* [Exercise objective]
Transcribe all data verbatim. Skip the pictures.

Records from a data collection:
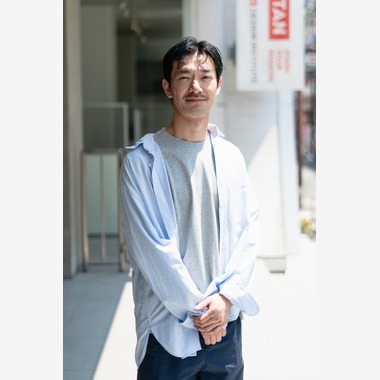 Tatsuyaが撮影した「VANTAN INSTITUTE キャリアカレッジ インタビュー撮影」の写真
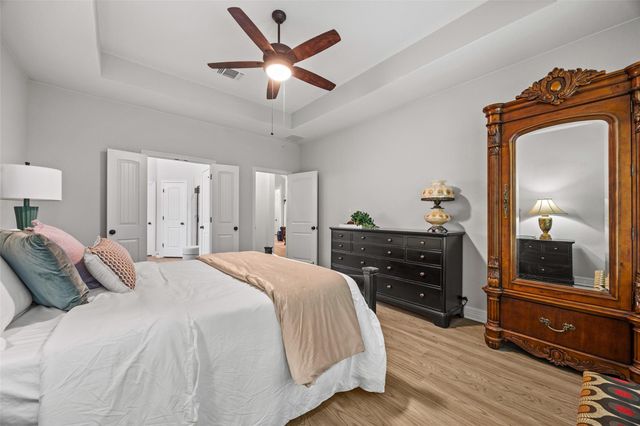 132 White Steppe WAY, Georgetown, TX 78626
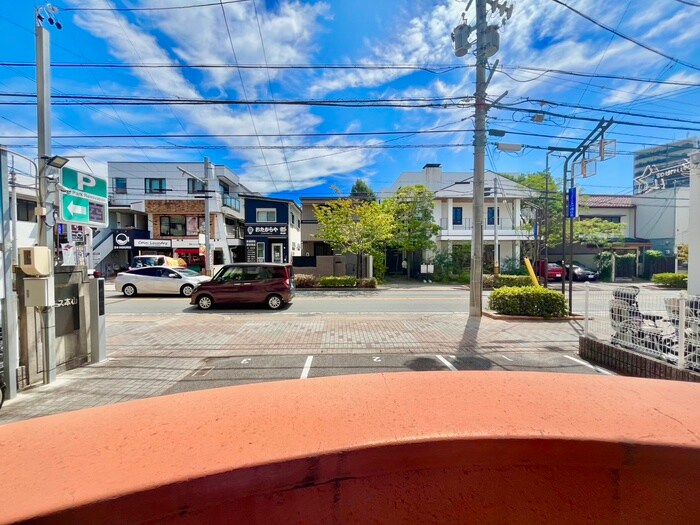 ドムス本山の物件内観写真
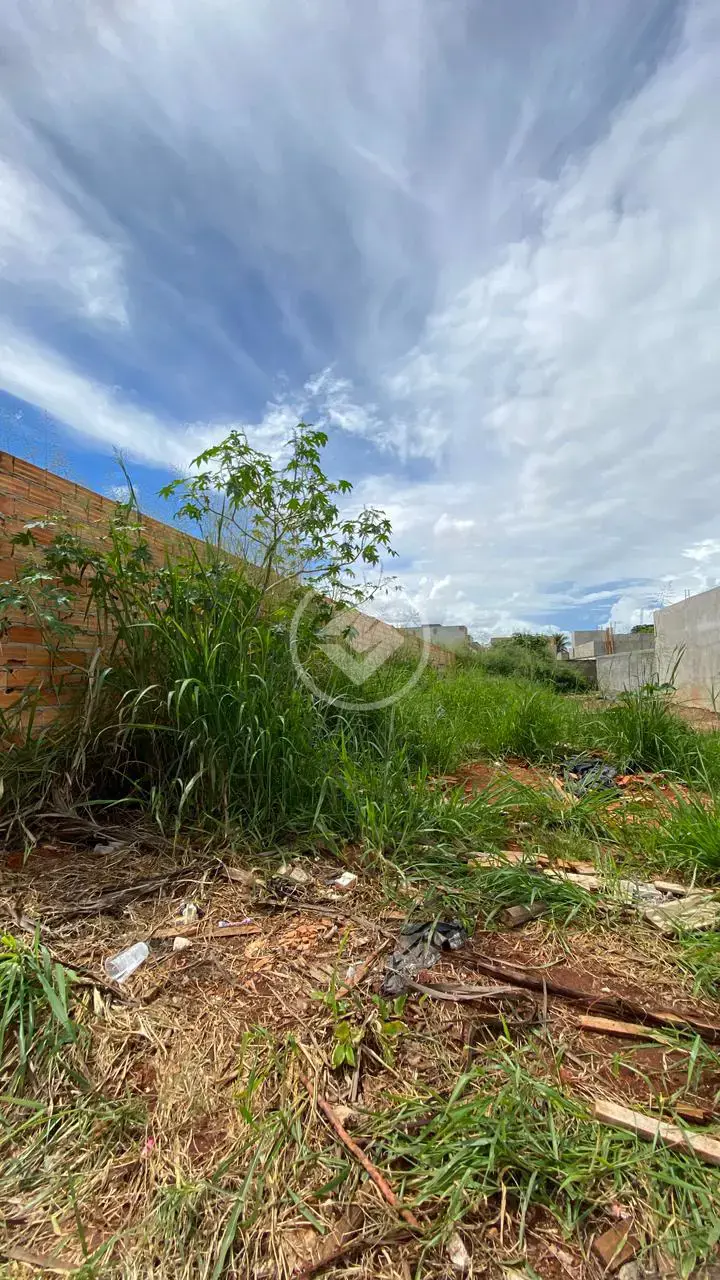 Imagem 1 - Terreno em Caldas do Oeste, Caldas Novas - GO
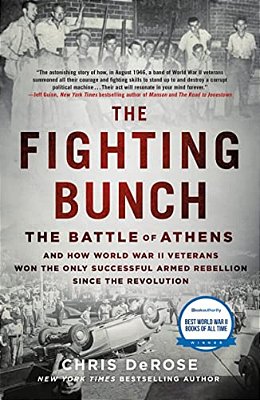 Fighting Bunch-..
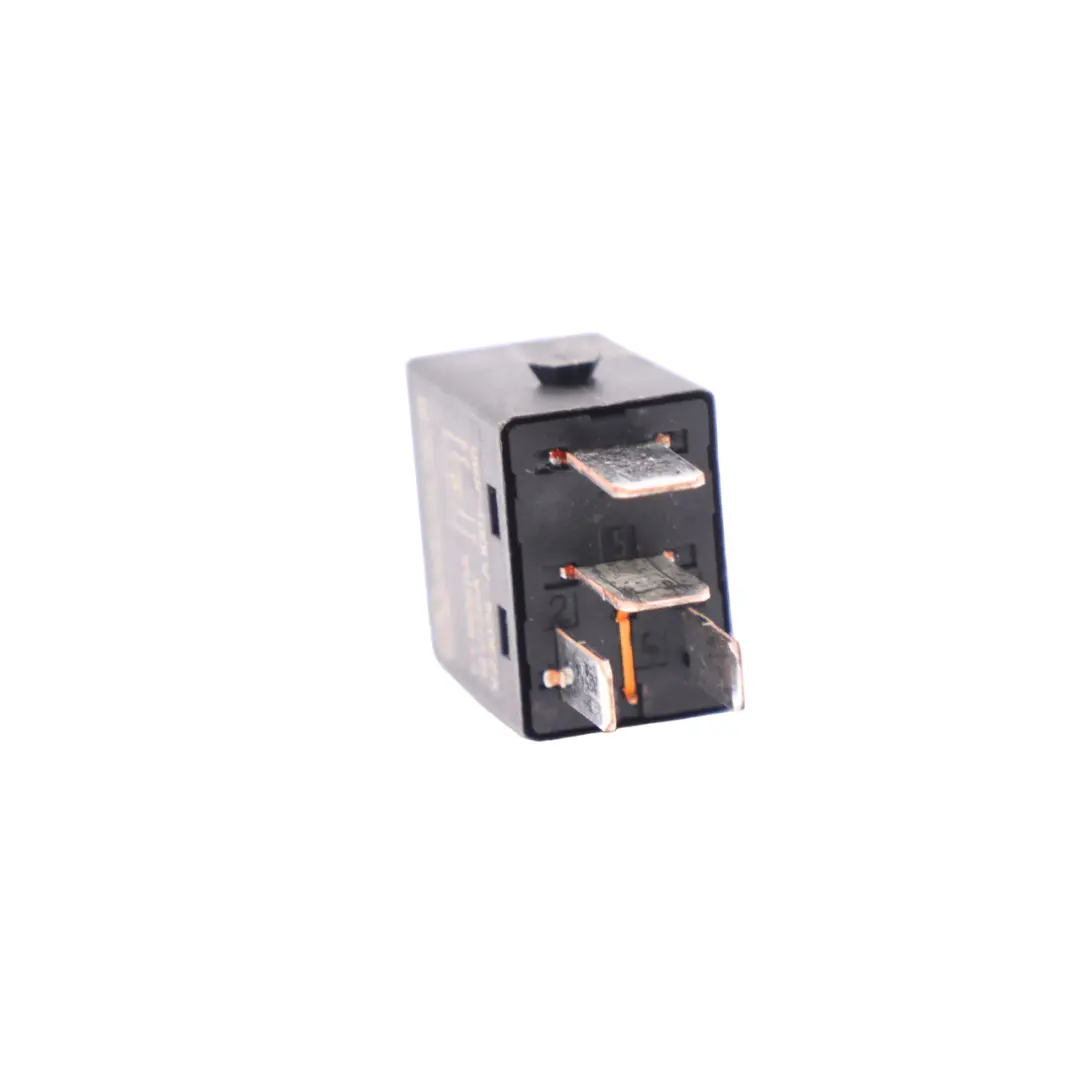 Mercedes C117 W166 W176 W222 W246 Relais Unité contrôle noir 12V 20A - SKU a0025429219 - Numéro de pièce a0025429219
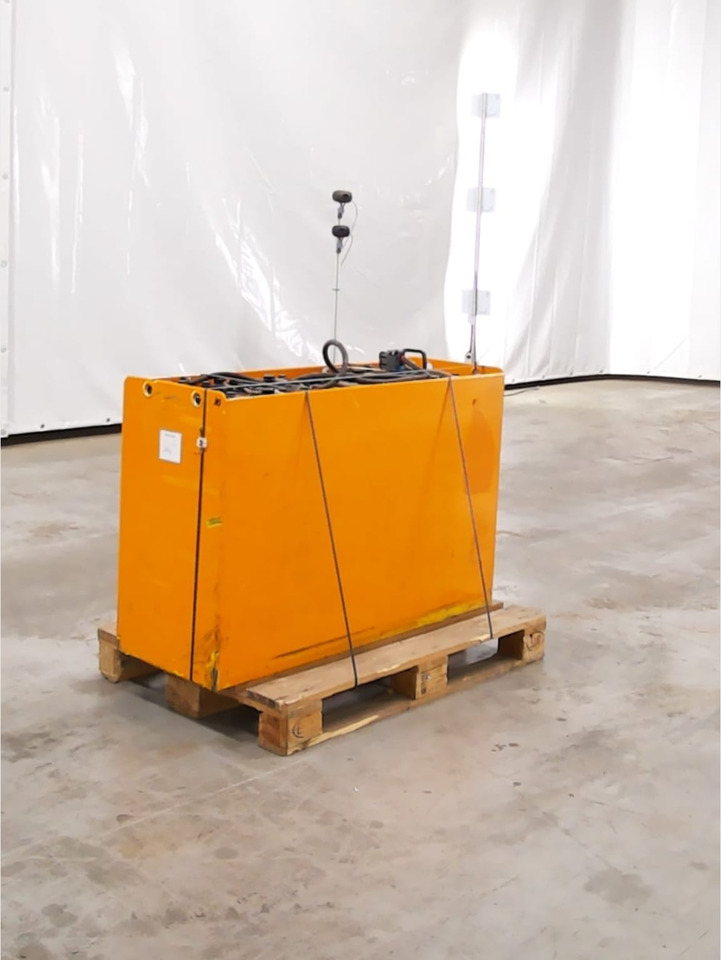 GBD 48V 775Ah - Battery for Material handling equipment: picture 3 GBD 48V 775Ah - Battery for Material handling equipment: picture 3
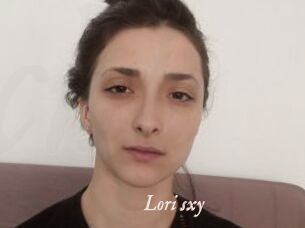 Lori_sxy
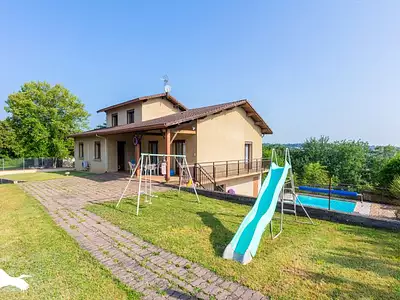 Maison, 175 m²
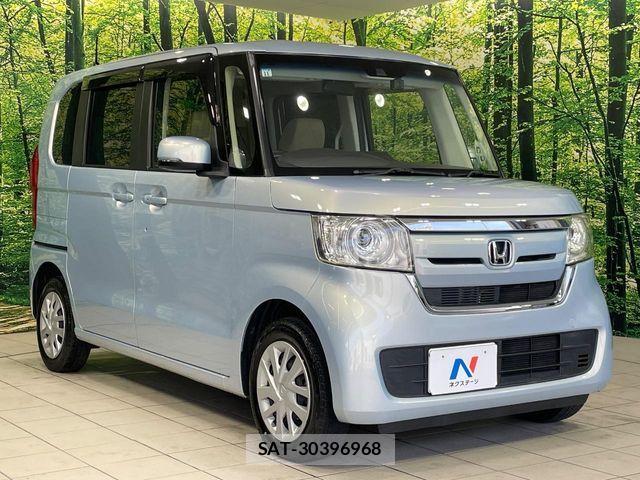 Honda N BOX 2017-11 7903092-15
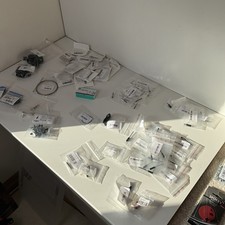 Rennrad Fahrrad Ersatzteile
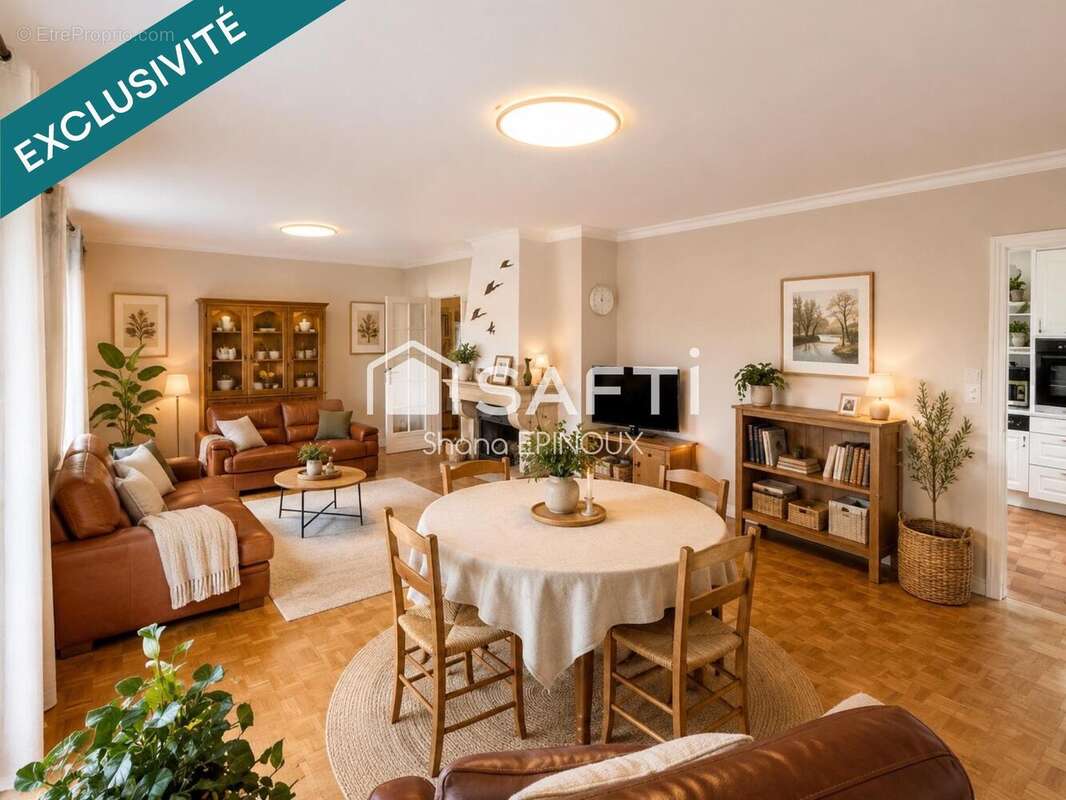 Photo 2 - Maison à FONTAINE-LE-COMTE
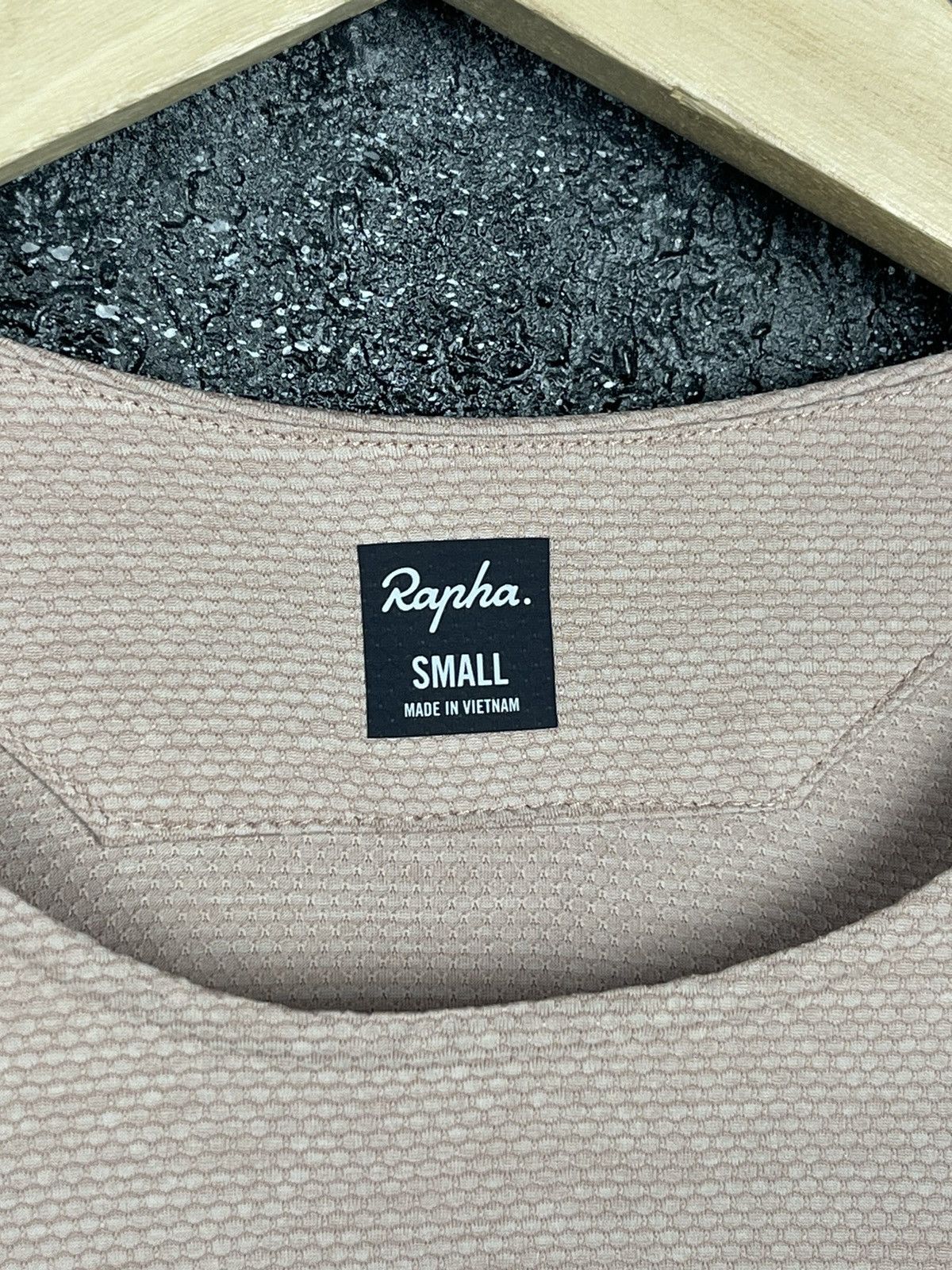 Rapha Rapha Trail 3/4 Sleeve Jersey Women’s Size S Size S / US 4 / IT 40 - 7 Thumbnail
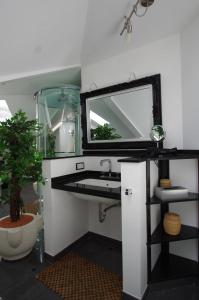 Gallery image of Luxury-Apartment Alexandra in Bonn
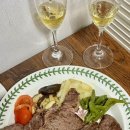 배꼽집 | 연말 설날 부모님 선물세트 추천 마블링이 예술인 '배꼽집' 한우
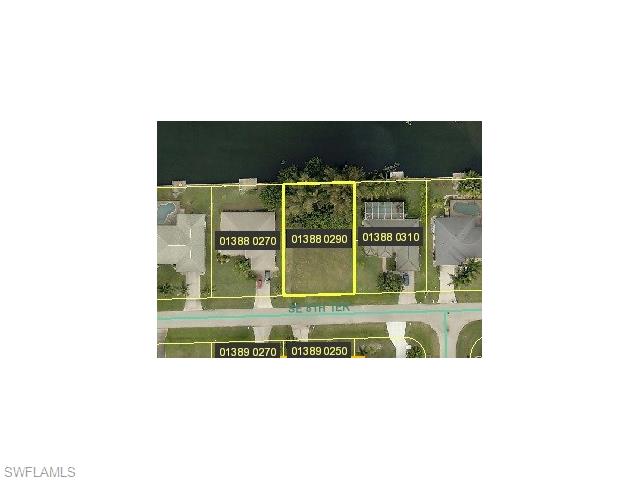 2205 SE 8th TER, Cape Coral, FL 33990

* [Task solution]
 Tatsuyaが撮影した「VANTAN INSTITUTE キャリアカレッジ インタビュー撮影」の写真
 132 White Steppe WAY, Georgetown, TX 78626
 ドムス本山の物件内観写真
 Imagem 1 - Terreno em Caldas do Oeste, Caldas Novas - GO
 Fighting Bunch-..
 Mercedes C117 W166 W176 W222 W246 Relais Unité contrôle noir 12V 20A - SKU a0025429219 - Numéro de pièce a0025429219
 GBD 48V 775Ah - Battery for Material handling equipment: picture 3 GBD 48V 775Ah - Battery for Material handling equipment: picture 3
 Lori_sxy
 Maison, 175 m²
 Honda N BOX 2017-11 7903092-15
 Rennrad Fahrrad Ersatzteile
 Photo 2 - Maison à FONTAINE-LE-COMTE
 Rapha Rapha Trail 3/4 Sleeve Jersey Women’s Size S Size S / US 4 / IT 40 - 7 Thumbnail
 Gallery image of Luxury-Apartment Alexandra in Bonn
 배꼽집 | 연말 설날 부모님 선물세트 추천 마블링이 예술인 '배꼽집' 한우
 2205 SE 8th TER, Cape Coral, FL 33990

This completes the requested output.